Forty-three-year-old Manzoor Ahmad is a resident of ‘Utla Patan’ resident in Kalabagh city. He mines at ‘Salt Mine Mari Indus’ four kilometres away. He was seriously injured nine months ago while drilling in a tunnel hundreds of feet deep.

He says that a heavy piece of salt fell on his feet in the mine. Nearby colleagues picked him up and took him to a local hospital. He was treated there for three months. The contractor had given ten thousand rupees, which was spent on the treatment in one month.

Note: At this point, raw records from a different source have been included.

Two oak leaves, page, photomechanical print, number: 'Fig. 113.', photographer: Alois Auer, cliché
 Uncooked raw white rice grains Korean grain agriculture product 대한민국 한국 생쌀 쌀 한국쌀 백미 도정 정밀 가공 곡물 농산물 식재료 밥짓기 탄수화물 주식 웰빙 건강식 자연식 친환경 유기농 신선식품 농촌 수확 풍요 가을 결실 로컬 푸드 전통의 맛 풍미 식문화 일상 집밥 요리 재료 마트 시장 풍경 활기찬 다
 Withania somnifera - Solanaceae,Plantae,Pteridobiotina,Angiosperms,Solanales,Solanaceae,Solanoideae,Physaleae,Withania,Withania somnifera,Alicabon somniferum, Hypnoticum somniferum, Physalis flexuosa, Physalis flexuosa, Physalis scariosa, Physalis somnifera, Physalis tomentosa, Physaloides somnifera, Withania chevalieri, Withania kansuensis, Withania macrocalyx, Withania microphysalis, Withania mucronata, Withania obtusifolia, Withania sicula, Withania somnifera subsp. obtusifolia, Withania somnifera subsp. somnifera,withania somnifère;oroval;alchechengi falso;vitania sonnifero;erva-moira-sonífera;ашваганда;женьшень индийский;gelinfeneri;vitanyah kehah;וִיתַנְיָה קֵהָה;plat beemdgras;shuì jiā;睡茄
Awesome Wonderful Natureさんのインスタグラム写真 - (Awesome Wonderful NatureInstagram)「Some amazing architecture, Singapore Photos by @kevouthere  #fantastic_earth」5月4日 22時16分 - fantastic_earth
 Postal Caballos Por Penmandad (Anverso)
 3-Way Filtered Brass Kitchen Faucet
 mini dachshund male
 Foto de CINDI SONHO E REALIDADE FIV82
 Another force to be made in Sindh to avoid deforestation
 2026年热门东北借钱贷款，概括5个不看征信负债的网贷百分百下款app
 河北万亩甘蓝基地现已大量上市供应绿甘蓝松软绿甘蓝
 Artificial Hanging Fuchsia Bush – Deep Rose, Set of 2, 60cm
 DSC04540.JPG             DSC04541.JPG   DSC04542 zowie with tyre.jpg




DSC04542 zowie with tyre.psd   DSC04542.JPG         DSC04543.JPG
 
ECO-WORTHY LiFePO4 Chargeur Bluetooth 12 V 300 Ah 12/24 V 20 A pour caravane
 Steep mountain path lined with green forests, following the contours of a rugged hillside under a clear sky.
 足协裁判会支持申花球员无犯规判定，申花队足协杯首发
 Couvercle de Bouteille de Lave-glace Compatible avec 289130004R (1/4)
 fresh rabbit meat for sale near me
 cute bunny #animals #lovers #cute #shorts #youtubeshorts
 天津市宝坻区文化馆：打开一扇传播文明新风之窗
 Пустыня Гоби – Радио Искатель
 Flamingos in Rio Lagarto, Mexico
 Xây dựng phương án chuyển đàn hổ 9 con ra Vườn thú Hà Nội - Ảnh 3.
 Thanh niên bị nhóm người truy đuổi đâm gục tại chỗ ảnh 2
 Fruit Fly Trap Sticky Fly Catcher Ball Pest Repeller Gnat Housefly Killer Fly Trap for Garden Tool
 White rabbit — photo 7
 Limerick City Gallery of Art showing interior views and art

He says that, on the one hand, money was being spent on treatment, and on the other hand, his income had also stopped. “How could my wife and children survive? Therefore, as soon as I recovered, I returned to work in the salt mine.”

But since then, Manzoor Ahmed has feared that someday an accident will take his life. As earlier, his elder brother Bhai Zaheer Ahmed had also died in the salt mine. On February 15, 2017, a landslide fell on him in Mine No. 22 of Wadha Seiksh.

Manzoor Ahmad says that no one cares about the miners here. He considers each day his last and enters the mine, reciting the Kalima. He digs hundreds of feet underground. But there is no guarantee of their safety and their children’s future.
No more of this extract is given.